Summary

The searchCustomPages() method in phpmyfaq/src/phpMyFAQ/Search.php uses real_escape_string() (via escape()) to sanitize the search term before embedding it in LIKE clauses. However, real_escape_string() does not escape SQL LIKE metacharacters % (match any sequence) and _ (match any single character). An unauthenticated attacker can inject these wildcards into search queries, causing them to match unintended records — including content that was not meant to be surfaced — resulting in information disclosure.

Details

File: phpmyfaq/src/phpMyFAQ/Search.php, lines 226–240

Vulnerable code:

$escapedSearchTerm = $this->configuration->getDb()->escape($searchTerm);
$searchWords = explode(' ', $escapedSearchTerm);
$searchConditions = [];

foreach ($searchWords as $word) {
    if (strlen($word) <= 2) {
        continue;
    }
    $searchConditions[] = sprintf(
        "(page_title LIKE '%%%s%%' OR content LIKE '%%%s%%')",
        $word,
        $word
    );
}

escape() calls mysqli::real_escape_string(), which escapes characters like ', \, NULL, etc. — but explicitly does not escape % or _, as these are not SQL string delimiters.

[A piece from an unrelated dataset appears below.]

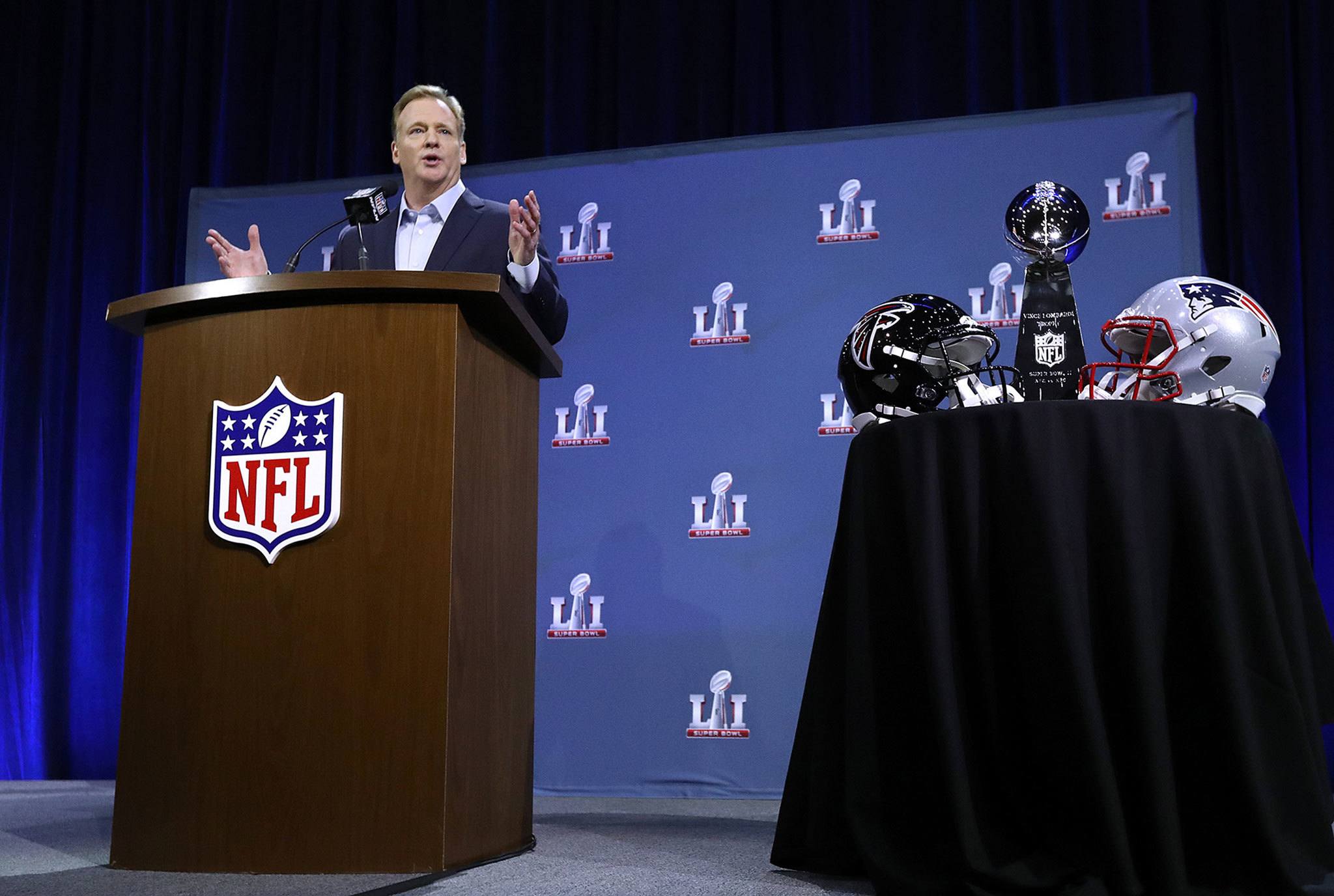 (Curtis Compton/Atlanta Journal-Constitution) NFL Commissioner Roger Goodell holds his press conference on Wednesday at the Super Bowl Media Center in Houston, Texas.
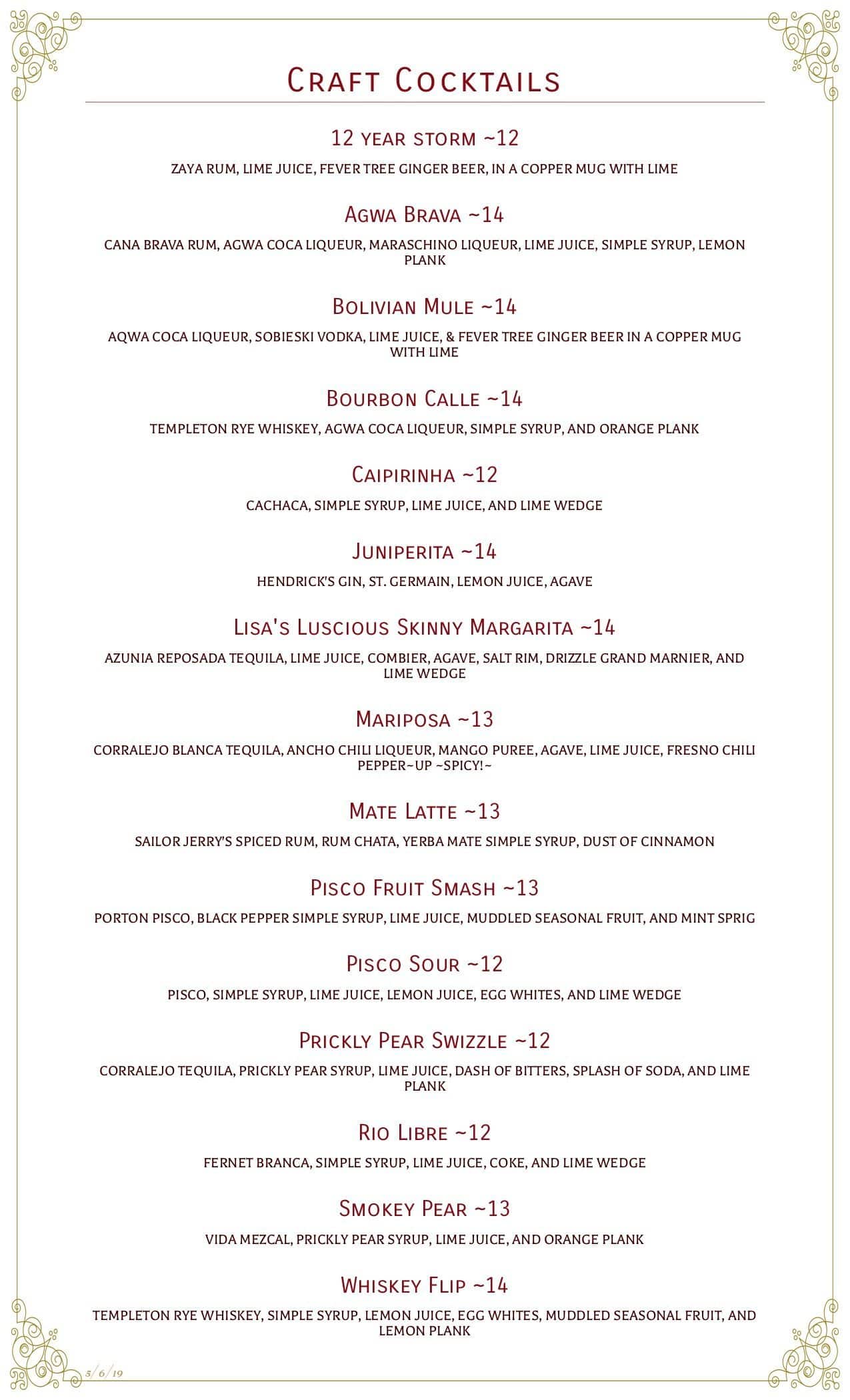 Menu at mariposa latin inspired grill steakhouse sedona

They are, however, LIKE pattern wildcards.

Attack vector:

A user submits a search term containing _ or % as part of a 3+ character word (to bypass the strlen <= 2 filter). Examples:

• Search for a_b → LIKE becomes '%a_b%' → _ matches any single character, e.g. matches "aXb", "a1b", "azb" — broader than the literal string a_b
• Search for te%t → LIKE becomes '%te%t%' → matches test, text, te12t, etc.
• Search for _%_ → LIKE becomes '%_%_%' → matches any record with at least one character, effectively dumping all custom pages

This allows an attacker to retrieve custom page content that would not appear in normal exact searches, bypassing intended search scope restrictions.

PoC

1. Navigate to the phpMyFAQ search page (accessible to unauthenticated users by default).
2. Submit a search query: _%_ (underscore, percent, underscore — length 3, bypasses the <= 2 filter).
3. The backend executes: WHERE (page_title LIKE '%_%_%' OR content LIKE '%_%_%')
4. This matches all custom pages with at least one character in title or content — returning content that would not appear for a specific search term.

Impact

• Type: LIKE Wildcard Injection → Information Disclosure (CWE-943 / CWE-20)
• Severity: Moderate
• Authentication required: None — search is publicly accessible
• Affected component: searchCustomPages() in Search.php; custom pages (faqcustompages table)
• Impact: Unauthenticated users can enumerate/disclose all custom page content regardless of the intended search term filter
• Fix: Escape % and _ in LIKE search terms before interpolation:

  $word = str_replace(['\\', '%', '_'], ['\\\\', '\\%', '\\_'], $word);

  Or use parameterized queries with properly escaped LIKE values.